Frontend & Architecture
- React & TypeScript with Next.js: Type-safe, component-based UI delivering interactive experiences across the dashboard, Kanban board, chatbot, and compliance flow.
- State Management: Application state — especially for the dynamic Kanban board and real-time chatbot — handled via appropriate state management patterns to keep UI consistent with backend changes.
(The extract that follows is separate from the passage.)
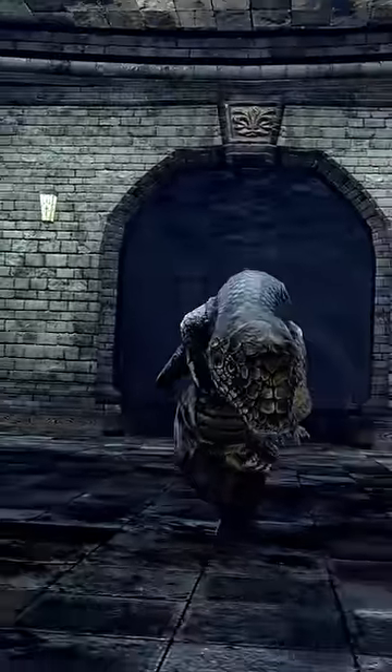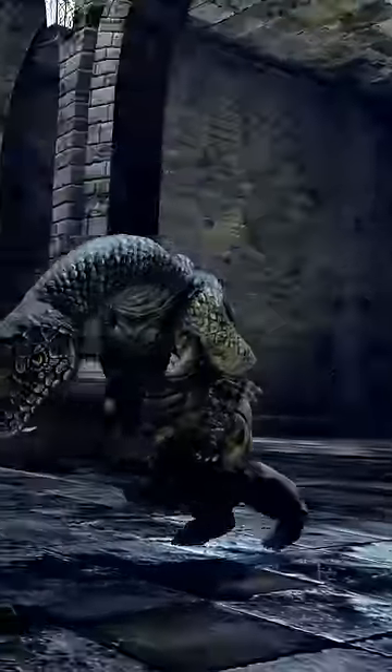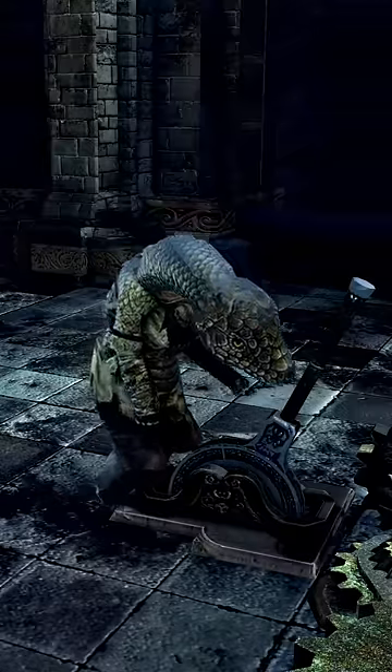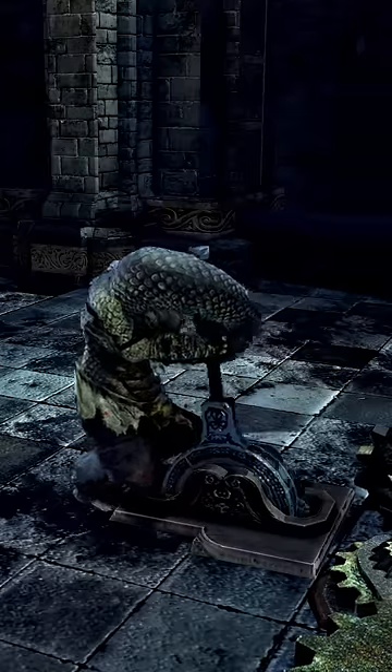We can slow the cutscene down and use free cam to get a better look. Look at the little guy run. I'm not entirely sure what's happening here, but it appears as if its proportions are scaled down to a human-sized model. So they might have grafted the snake model onto an animation that was originally rigged for a different model instead, and just hoped no one would notice.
- API Integration: Dedicated APIs bridge the frontend with AI inference services, the secure SQL query layer, and task management logic.
// Impact
The Takeaway
Leading ACRES was more than a technical challenge; it was a masterclass in problem decomposition. Combining computer vision, conversational AI, and agentic reasoning taught us how to build cohesive AI ecosystems that solve fragmented real-world problems. The value of this integration was proven when our team secured first place in the AI Hackathon, with judges specifically highlighting the application's unique capability to seamlessly weave together disparate ML architectures into a highly practical B2B tool.
Team Leadership
Leading a technical team under competition deadlines while keeping scope ambitious but deliverable.
System Integration
Integrating vision, NLP, and agentic systems into one coherent full-stack product.
Secure Interaction
Designing secure AI-to-database interaction without sacrificing speed or usability.
Full Ownership
Owning delivery across frontend, backend, and database layers instead of treating them as separate concerns.
Problem Decomposition
Breaking down a broad industry problem into focused product capabilities with real operational value.
Validation
First-place recognition validated both the prototype and the technical sophistication of combining multiple AI systems end to end.